Leurs parents ont bien des chances d'avoir eu une jeunesse assez différente de la leur. Hervé LeBras décrit ainsi l'insertion à la vie adulte dans la France de l'après-guerre jusqu'à 1972, situation qui, selon lui, s'applique aux principaux pays industrialisés de l'époque (époque que, dans l'histoire connue des sociétés humaines, il considère d'ailleurs comme exceptionnelle par sa prospérité et son fort taux de nuptialité) :

... la famille succède à la famille sans transition. La post-adolescence dont on observe aujourd'hui l'extension n'a aucun espace : on saute d'une étape à la suivante du cycle de vie sans souffler. À peine finies les études, un emploi, à peine obtenu l'emploi, un mariage, à peine marié, un premier enfant, puis les suivants (1983, p. 116) [3].

Cette citation de LeBras évoque les deux insertions majeures à la vie adulte que sont l'insertion professionnelle et l'insertion matrimoniale, qui dichotomisent largement les mondes masculin et féminin depuis l'émergence des sociétés industrielles : la première est l'insertion attendue principalement des garçons, la seconde est surtout celle qui permet de « caser » les filles. L'accès accru de ces dernières à l'éducation et au marché du travail de même que le contrôle de la fécondité féminine sont parmi les changements majeurs qui ont récemment contribué à chambarder l'ordre de l'insertion à la vie adulte : notamment, les études n'excluant pas la vie en couple, celle-ci est désormais acceptable sans mariage, le mariage n'implique pas nécessairement la naissance d'un enfant et il est possible d'élever une famille tout en étant étudiant ou sans travail. Il va sans dire que les parcours de vie avant l'âge de 30 ans vont différer d'un milieu social à un autre, ou selon qu'on est homme ou femme, rendant la maturité réelle plus précoce ou plus tardive. Ce sont ces particularités ainsi que les destins majeurs des jeunes de 18 à 30 ans en ce qui regarde la famille qui seront ici examinés, d'après les bribes de connaissances, très fragmentaires, qui sont à notre disposition.

Vivre chez ses parents...

En 1981, après l'âge de la majorité juridique et civique, 18 ans, encore bien des jeunes vivent au foyer parental : 4 jeunes sur 5 à 18 et 19 ans ; mais entre 20 et 24 ans, un peu moins de la moitié (46,3 %) y demeurent (Demers, 1984, p. 49). Si 67,1 % de l'ensemble des jeunes [106] de 15-24 ans habitent chez leurs parents, c'est le cas bien davantage des garçons (74,7 %) que des filles (61,8 %) (ibid.). Quand ils vivent dans la résidence parentale, ils sont plus nombreux à être étudiants.
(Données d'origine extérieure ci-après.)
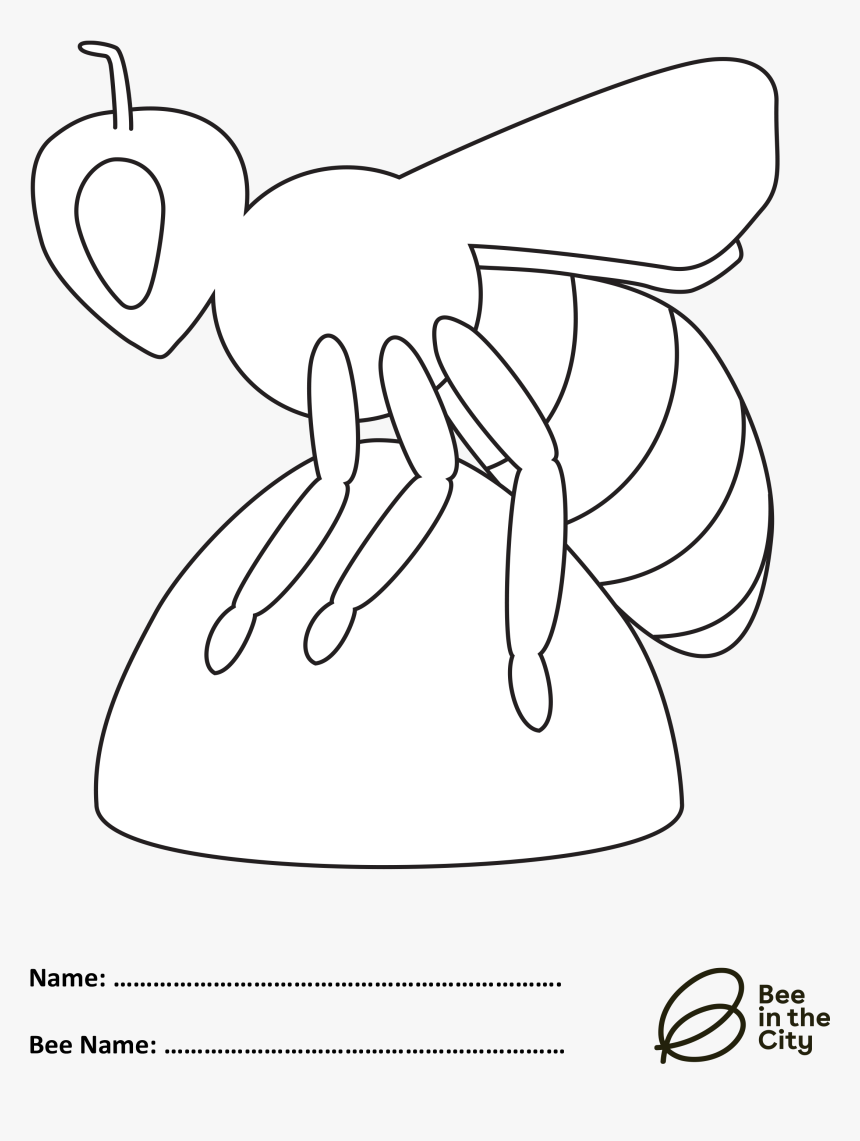 Bee Template - Illustration - American Lobster, HD Png Download, Free Download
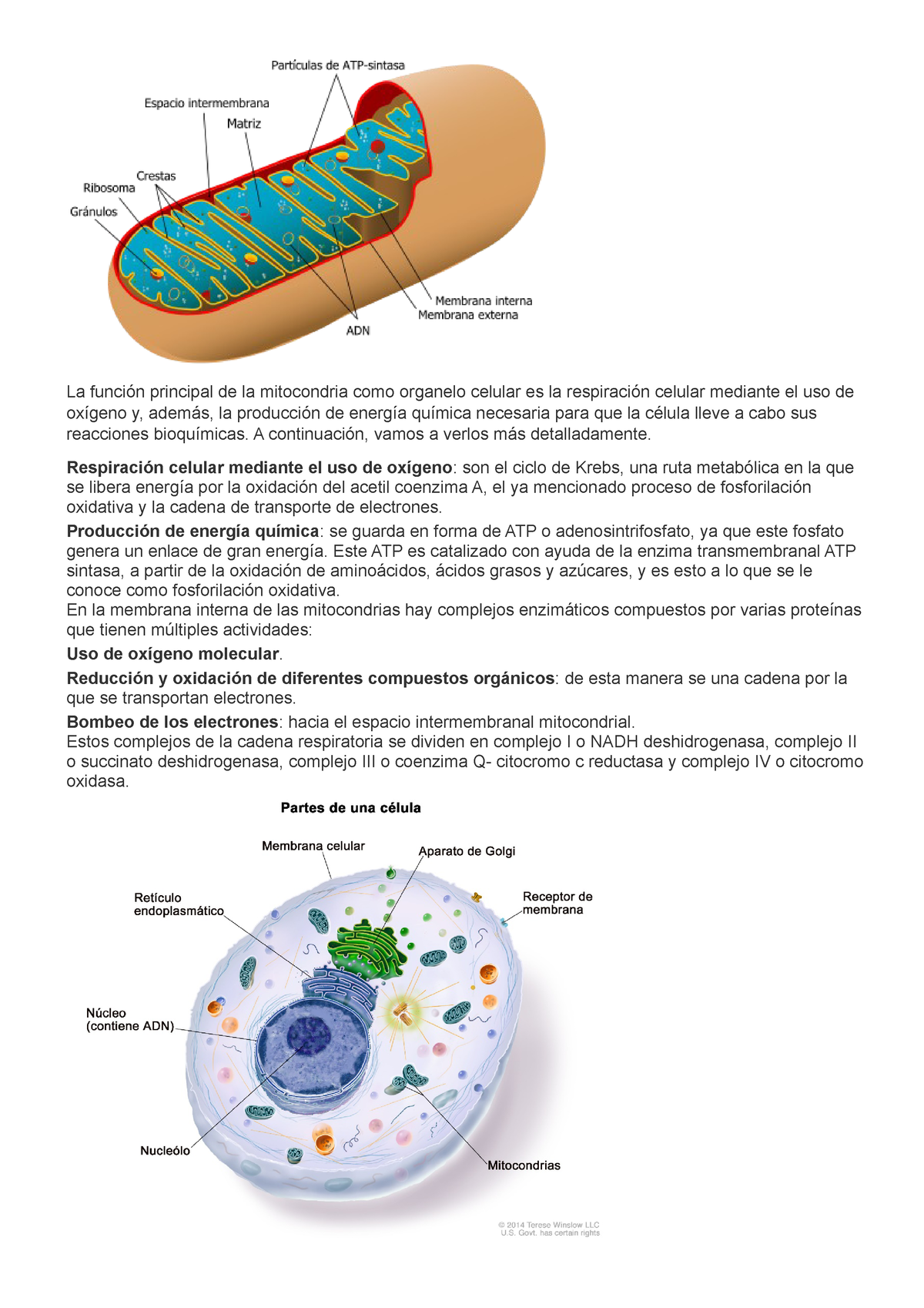 La Función Principal De La Mitocondria Como Organelo Celular Es La ...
... quand on est étudiant(e)

Ceux qui étudient encore après dix-huit ans le font généralement au niveau post-secondaire. C'est le cas d'une minorité de jeunes Québécois d'aujourd'hui : ainsi en 1983, parmi les 20-24 ans, un jeune sur six (15,8 %) est encore étudiant ; dans le groupe des 25-29 ans, un jeune sur douze (7,9 %) fréquente le collège ou l'université, le plus souvent à temps partiel (B.S.Q., 1984a, p. 20-24).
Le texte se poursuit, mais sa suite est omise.